Environmental Review Toolkit

Section 4(f) Tutorial

Section 4(f) Properties


Determination of Section 4(f) applicability is sometimes required for properties that do not fit neatly into the definition of publicly owned public parks, recreation areas, or refuges. You will find these others grouped in a category called Other Considerations.

This list of other considerations is not all-inclusive, but is meant to address some of the more commonly encountered situations. It is important to remember that the basic criteria for Section 4(f) eligibility also apply to these other considerations, namely that they must be significant publicly owned public properties.

This section provides information on determining the Section 4(f) applicability for following types of properties:

Wildlife Management Areas

Wildlife management areas may serve the same functions as wildlife refuges—namely, the protection and sanctuary for wildlife. If the primary purpose of a publically owned management area is that of a refuge, it is protected by Section 4(f) even though it may not be called a refuge.

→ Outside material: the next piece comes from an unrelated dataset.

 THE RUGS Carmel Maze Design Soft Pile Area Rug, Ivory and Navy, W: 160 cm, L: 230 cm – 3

Wildlife management areas may be identified by a variety of names, including wildlife reserve, preserve, or sanctuary, or waterfowl production area. As previously noted, Section 4(f) status is determined by the criteria that define it, not by its name. So regardless of its name, a wildlife management area is protected if its primary purpose is that of a refuge.

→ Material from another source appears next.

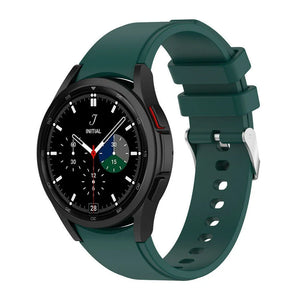 Silicone Strap 'Perfect Fit', dark green, on a watch, 3/4 front view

In some cases, laws may differentiate between refuges and management areas, especially at the state level. So be careful when evaluating these property types. In cases where local, state or federal laws do not make a clear distinction between refuges and wildlife management areas, an examination of the property, the enabling legislation, any management plans that exist, and coordination with the officials with jurisdiction are necessary to determine its primary purpose.

In the case of both formally designated refuges and wildlife management areas that function as refuges, other types of recreational activities are often permitted when they do not conflict with species conservation, such as hiking, wildlife viewing, and camping. Other activities, such as educational programs, hunting, and fishing, may also be allowed when the activity is consistent with broader species management goals.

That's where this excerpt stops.